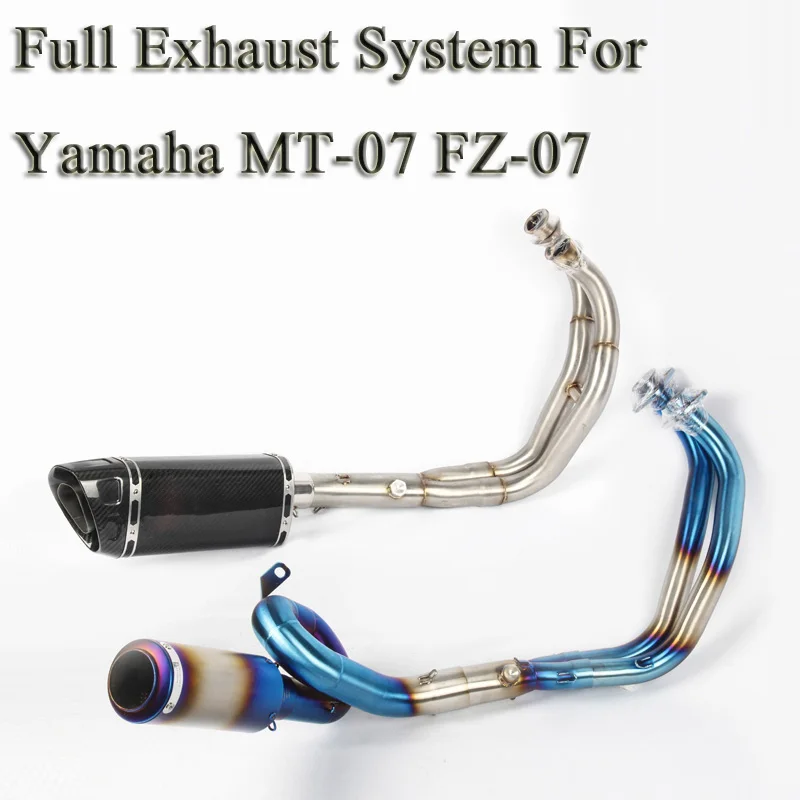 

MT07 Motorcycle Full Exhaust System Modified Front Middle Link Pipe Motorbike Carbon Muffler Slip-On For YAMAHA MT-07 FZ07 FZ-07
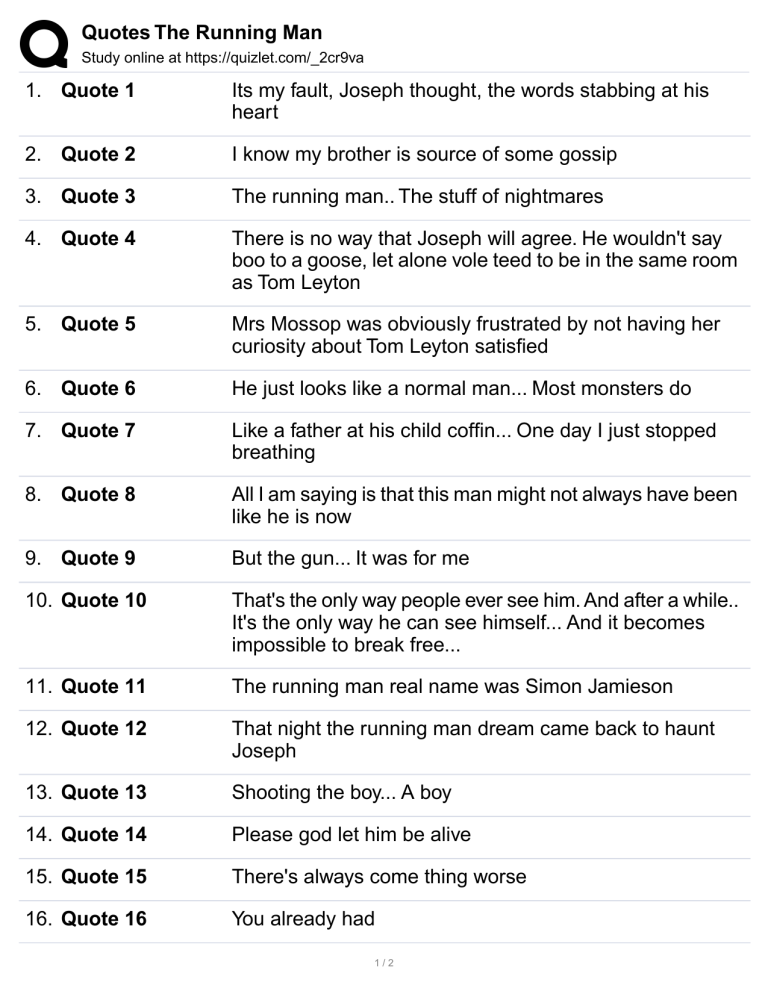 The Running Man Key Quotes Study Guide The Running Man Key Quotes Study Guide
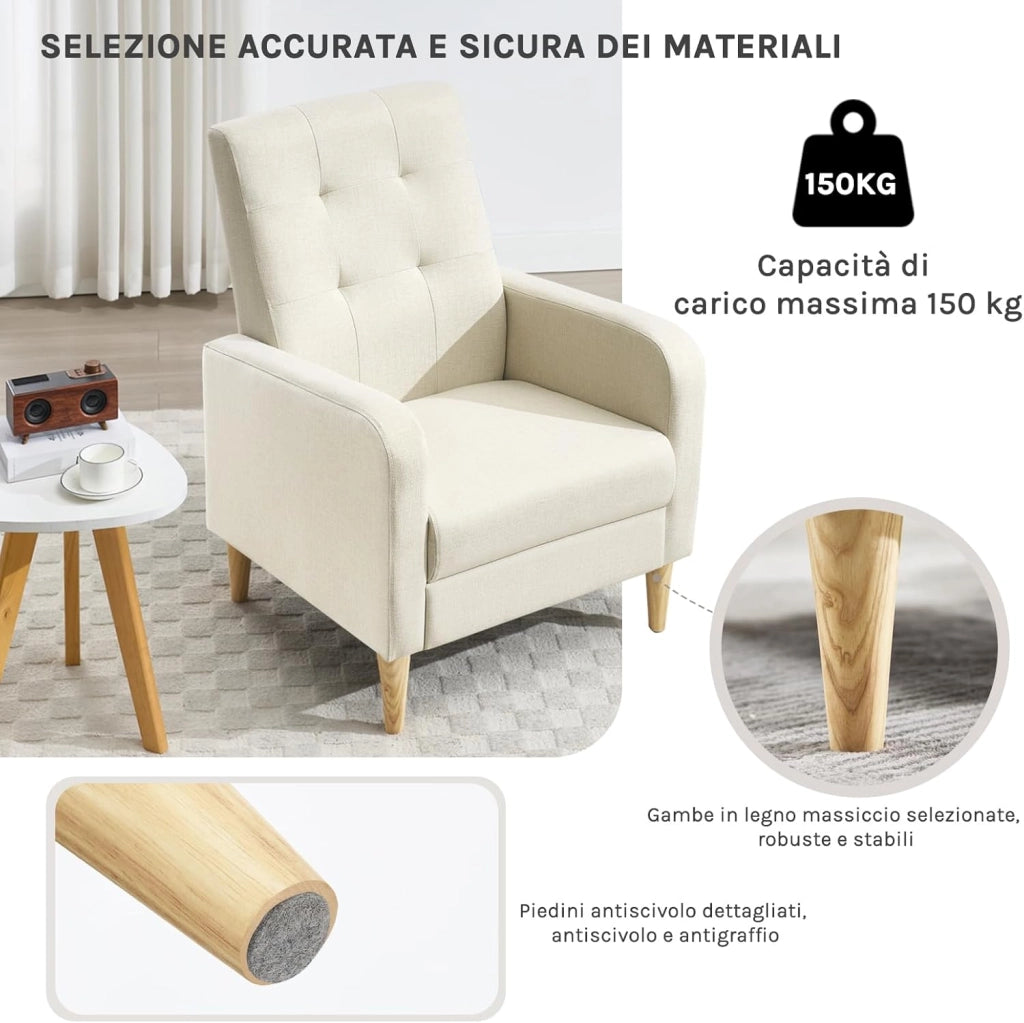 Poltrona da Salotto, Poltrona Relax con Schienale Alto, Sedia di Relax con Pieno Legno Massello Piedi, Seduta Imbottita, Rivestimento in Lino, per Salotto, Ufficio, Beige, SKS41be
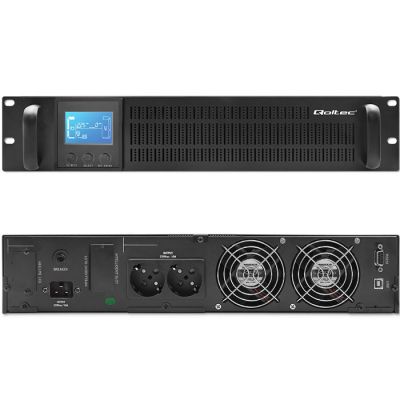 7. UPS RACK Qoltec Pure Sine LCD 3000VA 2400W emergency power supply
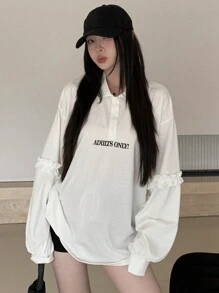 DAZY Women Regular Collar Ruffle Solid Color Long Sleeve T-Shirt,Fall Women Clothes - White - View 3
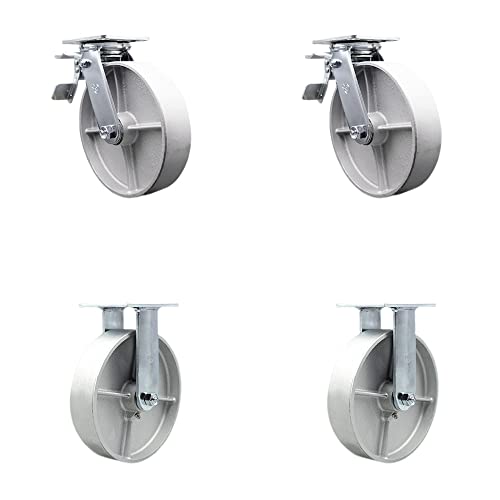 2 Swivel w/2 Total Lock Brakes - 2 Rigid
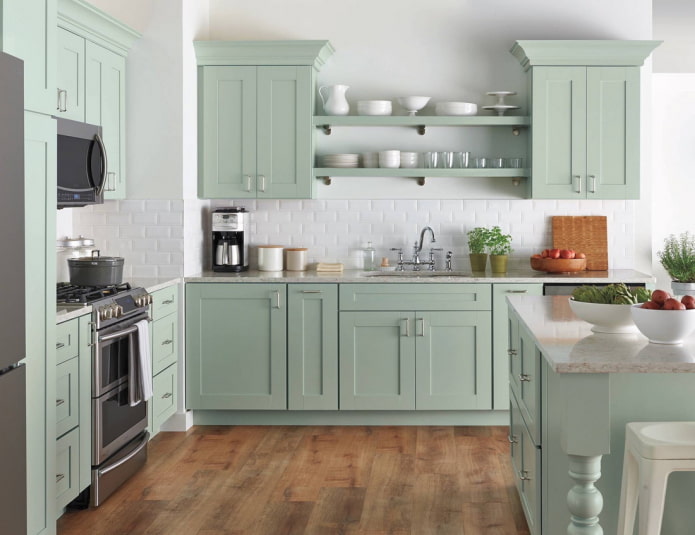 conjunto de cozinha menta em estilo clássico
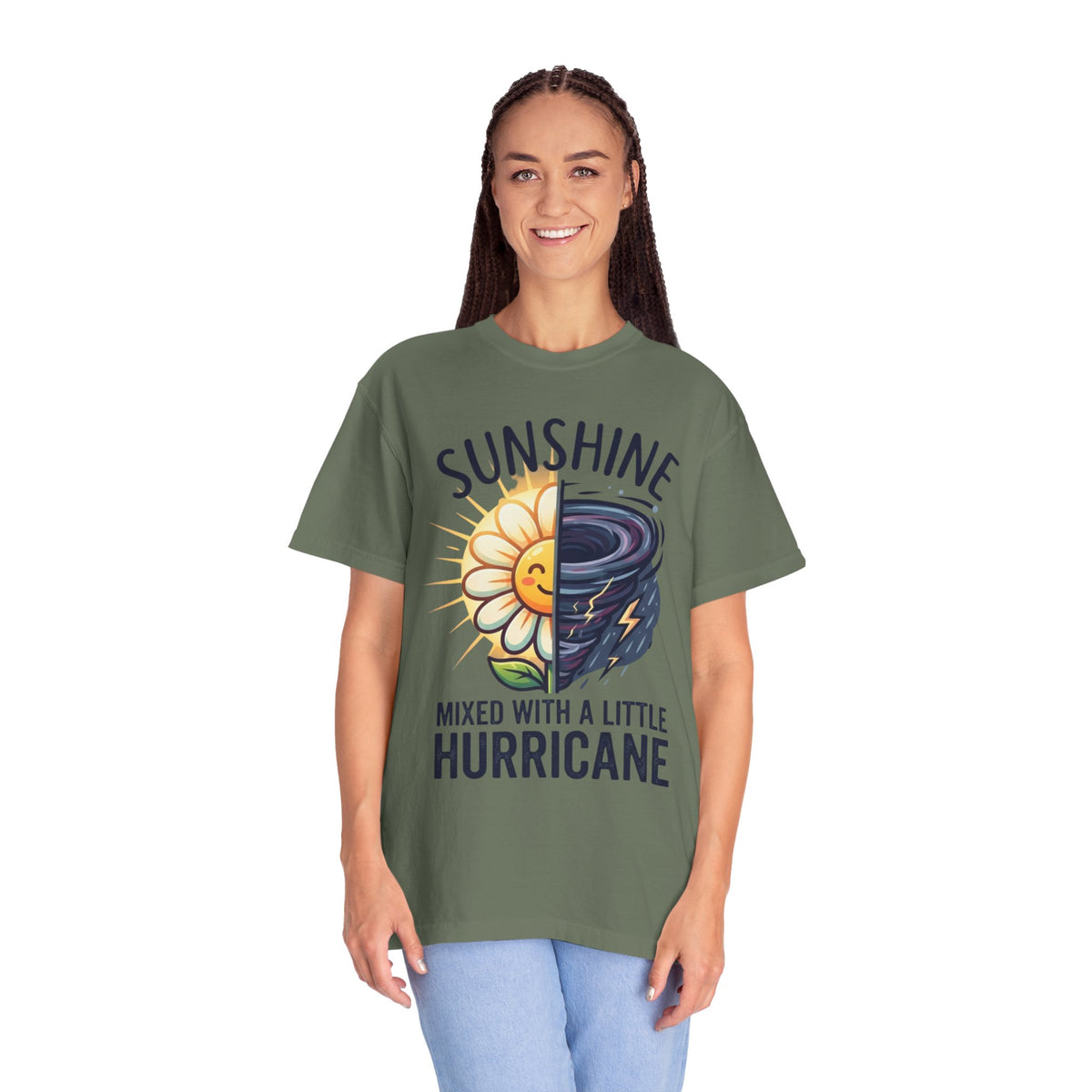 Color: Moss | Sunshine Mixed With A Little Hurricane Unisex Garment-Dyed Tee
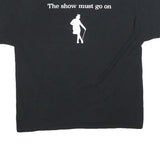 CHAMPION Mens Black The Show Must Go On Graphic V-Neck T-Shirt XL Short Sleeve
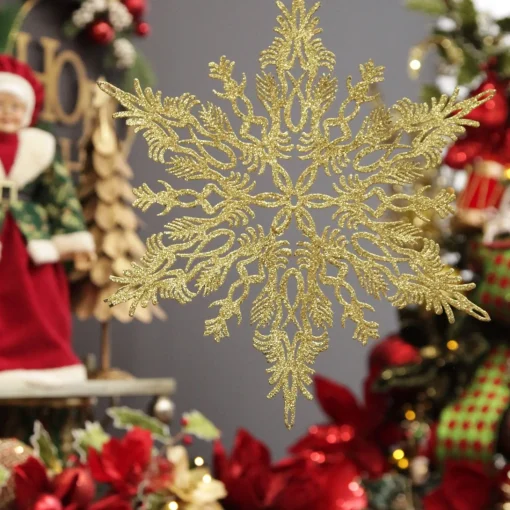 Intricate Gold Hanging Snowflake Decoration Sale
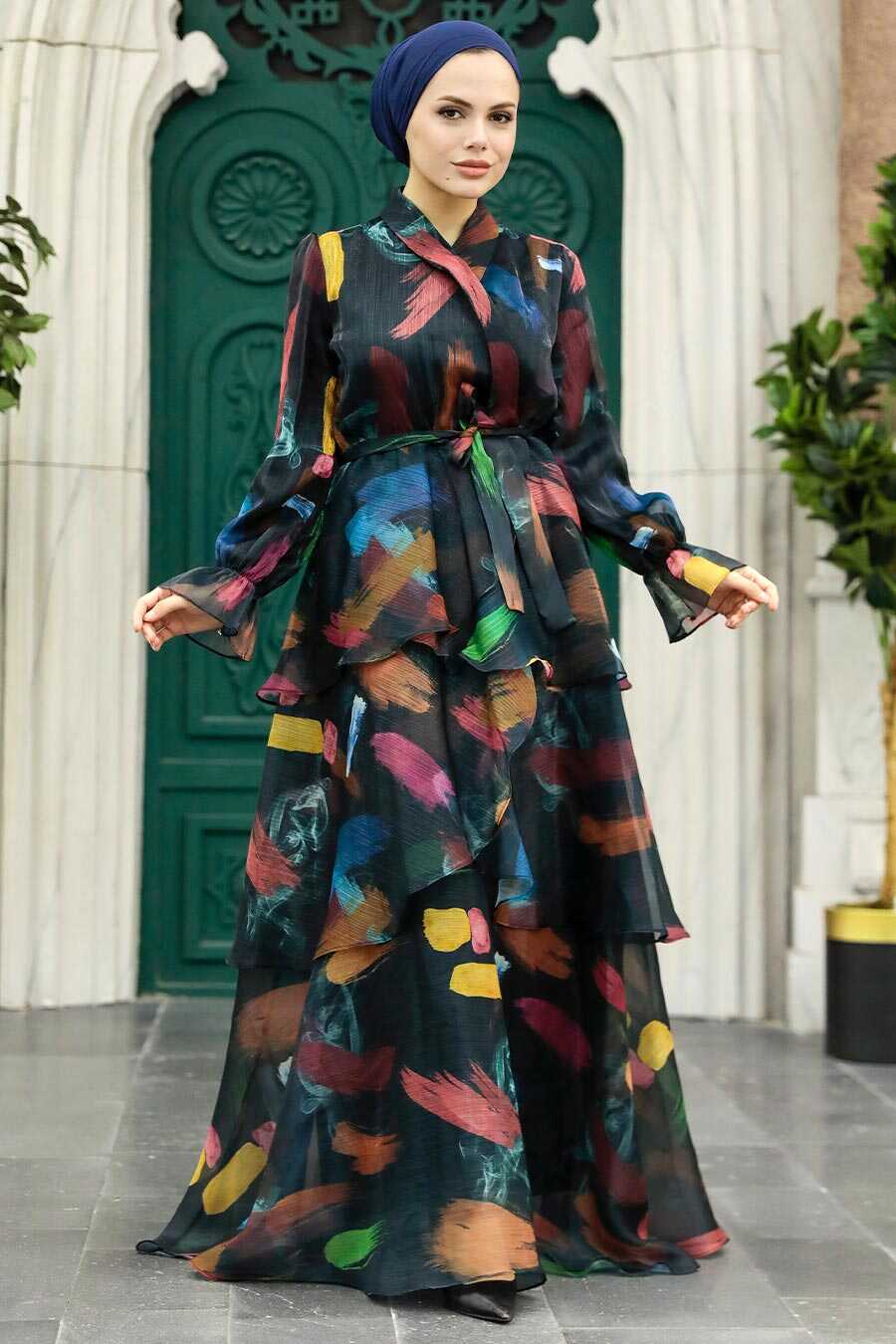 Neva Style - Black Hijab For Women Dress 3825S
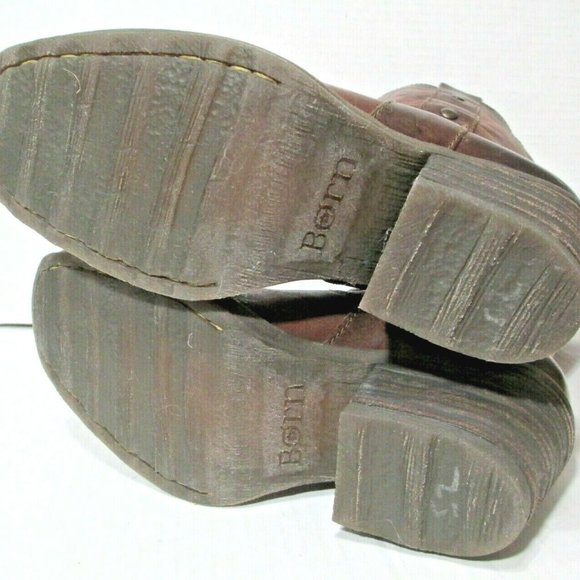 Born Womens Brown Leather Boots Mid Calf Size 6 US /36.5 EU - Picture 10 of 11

☆ ☆ ☆ ☆ ☆ ☆ ☆

> **WORK TASK**:
From the opening line of the entries above to the line containing "Color: Moss |", please transcribe each line exactly, skipping every picture.

> **SOLVED PROBLEM**:
MT07 Motorcycle Full Exhaust System Modified Front Middle Link Pipe Motorbike Carbon Muffler Slip-On For YAMAHA MT-07 FZ07 FZ-07
 The Running Man Key Quotes Study Guide The Running Man Key Quotes Study Guide
 Poltrona da Salotto, Poltrona Relax con Schienale Alto, Sedia di Relax con Pieno Legno Massello Piedi, Seduta Imbottita, Rivestimento in Lino, per Salotto, Ufficio, Beige, SKS41be
 7. UPS RACK Qoltec Pure Sine LCD 3000VA 2400W emergency power supply
 DAZY Women Regular Collar Ruffle Solid Color Long Sleeve T-Shirt,Fall Women Clothes - White - View 3
 2 Swivel w/2 Total Lock Brakes - 2 Rigid
 conjunto de cozinha menta em estilo clássico
 Color: Moss | Sunshine Mixed With A Little Hurricane Unisex Garment-Dyed Tee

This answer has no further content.